Several thousand people staged a rally on Sunday in the predominantly Kurdish city of Diyarbakır in southeastern Turkey, calling for the release of Abdullah Öcalan, the jailed leader of the outlawed Kurdistan Workers’ Party (PKK).

The demonstrators gathered in a central square, chanting slogans in Kurdish, including “Serok Apo” — “Leader Apo” — in support of Öcalan, 77, who has been held on İmralı Island near İstanbul since 1999.

The rally came after the PKK last year said it was ending its armed campaign against the Turkish state, following a call from Öcalan for the group to lay down its weapons. The conflict, which began in 1984, has left more than 40,000 people dead.

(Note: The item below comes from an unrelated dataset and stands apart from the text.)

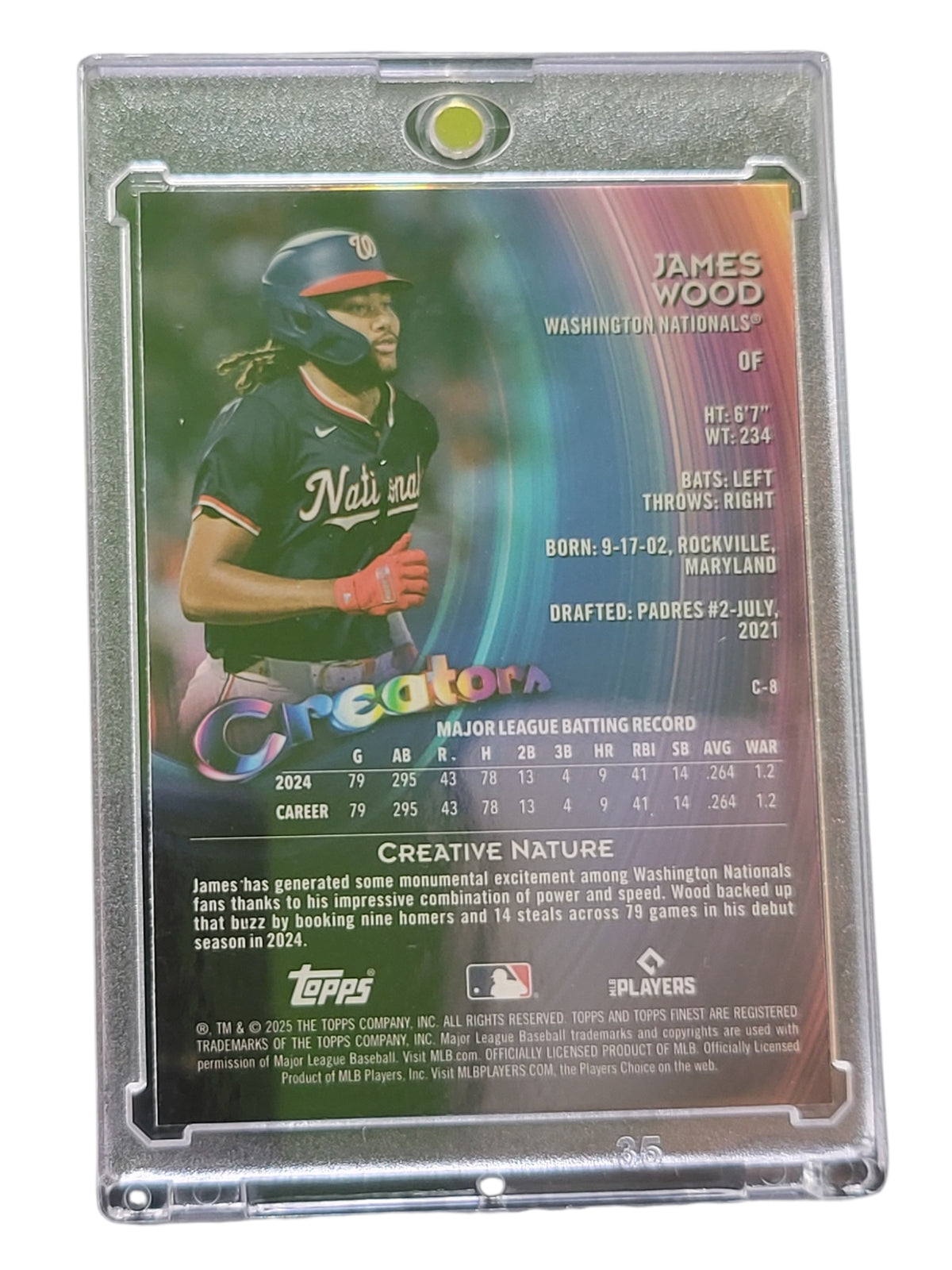 2025 Topps Finest Creators James Wood #C-8 047/150 RC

After Öcalan’s appeal, the PKK announced it would dissolve itself, held a symbolic ceremony in northern Iraq at which militants burned weapons and later said it had withdrawn its fighters from Turkish territory.

Veysi Aktaş, a former inmate who was once held with Öcalan on İmralı, told the crowd that a lasting peace would not be possible while Öcalan remained isolated.

“There can be no peace through isolation,” Aktaş said.

He said peace required “recognition of the people, respect for identity and respect for the will of the people.”

Öcalan’s supporters and politicians from the pro-Kurdish Peoples’ Equality and Democracy Party (DEM Party) have repeatedly called for an easing of his prison conditions. Although he has recently been allowed more contact with family members, lawyers and a small number of DEM Party lawmakers involved in renewed peace efforts, his detention conditions remain a key demand for the Kurdish political movement.

The PKK is designated as a terrorist organization by Turkey and its Western allies.